I just can’t stop checking the level 2 forum, as if by habitually checking in everyday I’ll increase my score on last Saturday’s exam…I refrain from checking my ‘answers’ since I’m not wanting to freak myself out! Besides, I fail to comprehend how anyone can remember the majority of their answers to the 120 questions… attended a conference at work today and as a colleague reached for a chocolate muffin I muttered that he made a good extraction…market extraction…WTF??? what’s happening to me?

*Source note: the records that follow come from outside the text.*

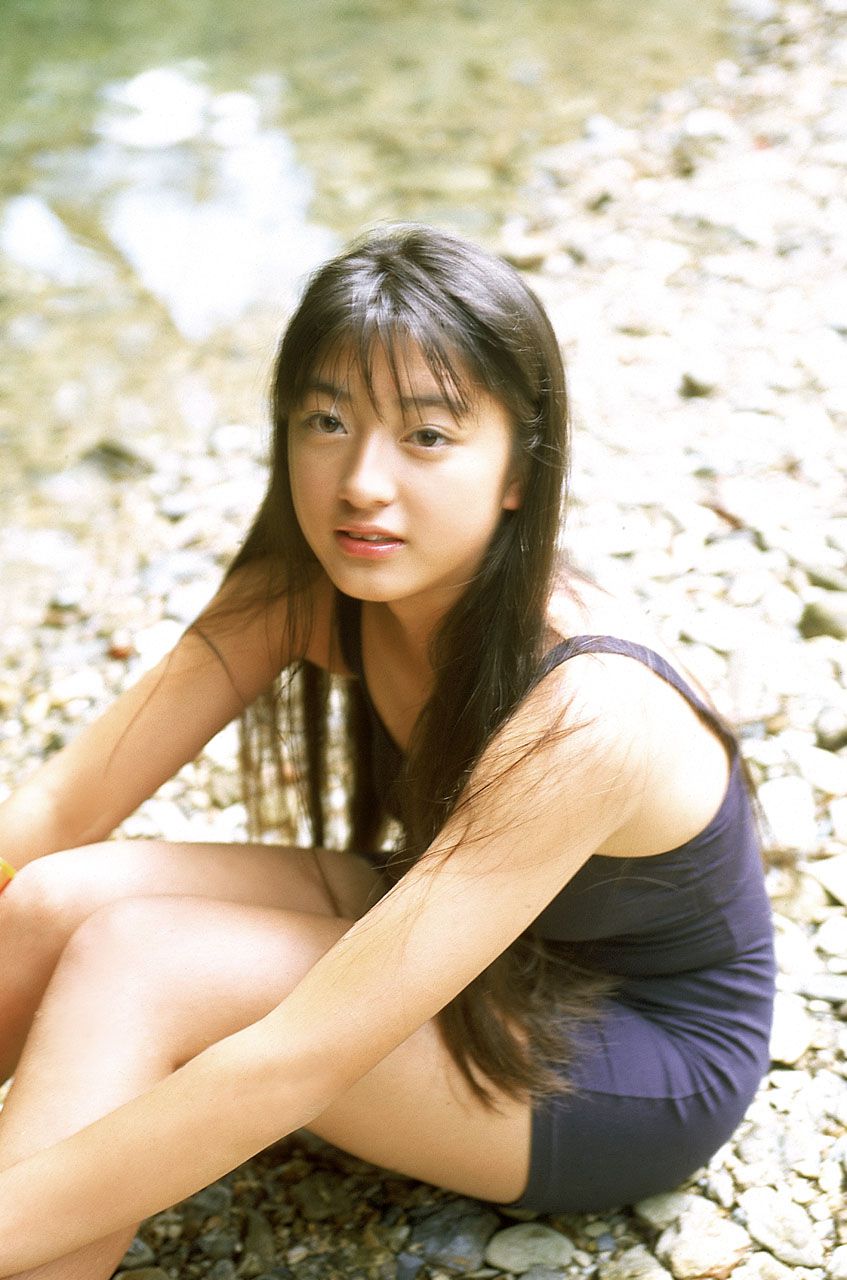 SF-No.163 Moemi Tominaga 冨永萌美-图10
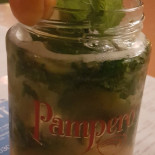 Prosit À l'intérieur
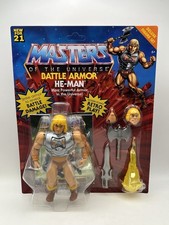 MotU Origins Battle Armor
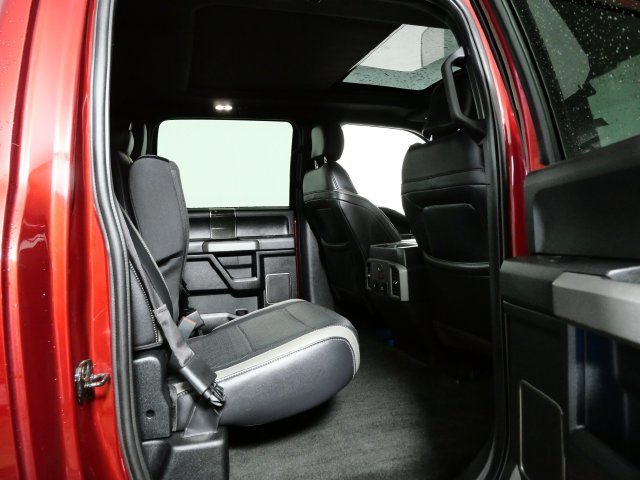 Certified Used 2018 Red Ford Raptor image 27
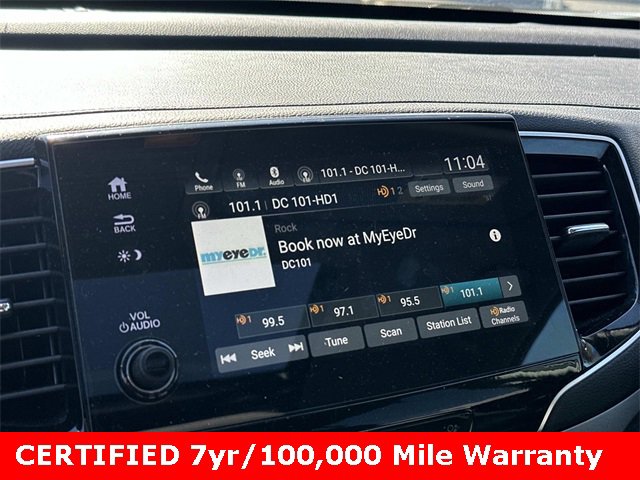 Used 2021 Honda Pilot Special Edition image 24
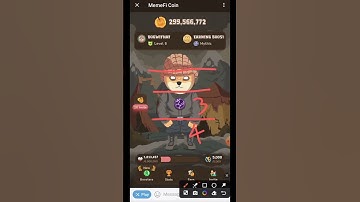 Memefi Secret Combo 2 July | Memefi 2 Million Secret Reward Today, Memefi Withdrawal Update #memefi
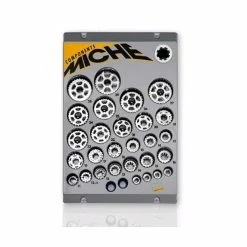 Pignon Miche Première Position Profil Miche (8/9 V)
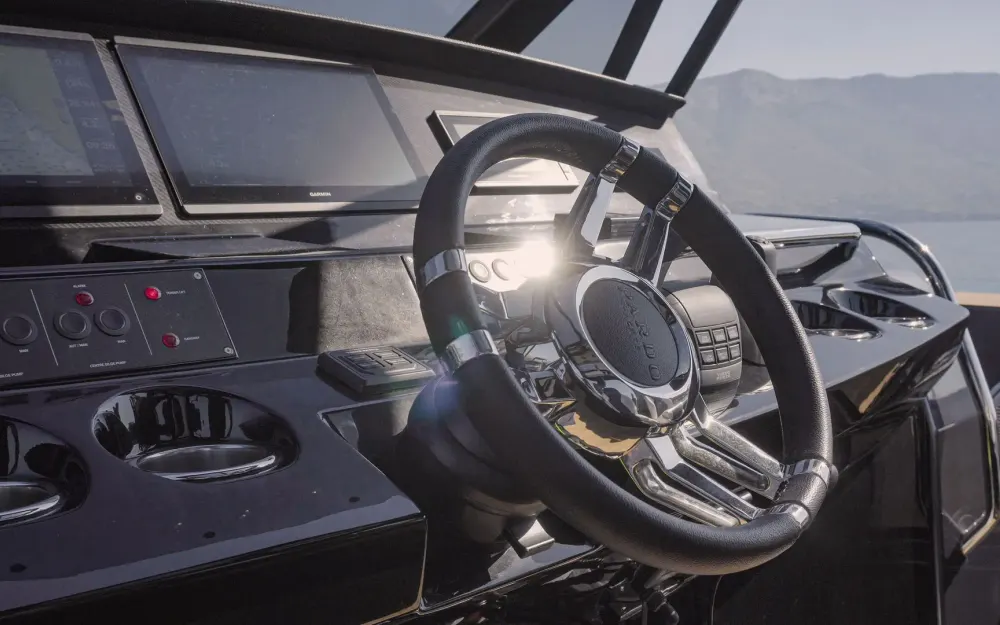 slider 6 Pardo Yachts Pardo 43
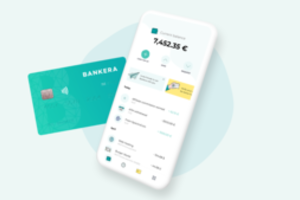 „Bankera“ sąskaitos verslui – patogesnės ir pigesnės kasdienės finansinės operacijos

Have I ate, slept the CFA program for too long?? Crikey!! It’s bliss not having to study though, I’ve got time to procrastinate over the simple things again: - spending quality time with my better half without thinking of FSA/Equity/BSM everytime she opens her mouth lol; - cooking dinner and not feeling guilty for taking more than 15mins to do so; - finding that my guitar hasn’t disappeared, it’s still in the corner of my living room; - shall I go surfing this weekend instead of reading Defined Benefit Pension accounting… This summer is going to be sweet…I reckon life throws these obstacles in your path deliberately: the sweet wouldn’t be so without the sour…
One reason why only 1/5 complete the program is that there is often no incentive to finish it, but there is a strong incentive to start it. For a finance professional early in their career with little experience simply signing up for the CFA program and sitting the first exam can be enough to win a promotion. It demonstrates “seriousness” and so on, for someone who has little else to put on their resume. Having won the early promotions, and established themselves in their careers, many then see much less value in completing the program, as they have the experience necessary to win the jobs they are seeking. None of this is to denigrate the program. In fact, were it not valued then signing up for it wouldn’t offer an early advantage. What I am really saying is that the number of people who do not complete the program isn’t any measure of how hard it is or of its value–there are screwy incentives causing that result. from a comment on the Economist… hits it on the head
For me, checking AF so soon after the exam was a big mistake. On Sunday night after finding out I went 0 for 15 or so with the questions I guessed on, I first felt shocked and then grudgingly accepted that I may not have passed. This feeling is really crappy, and knowing that it won’t lift until at least the end of August makes it worse. Now I keep coming back to check AF because like many of you, for the past 6 months I aliented myself from the outside world and now AF is the only home I know.
I just checked this forum for the first time today. I knew from last year to wait a few days at least for my mental health benefit.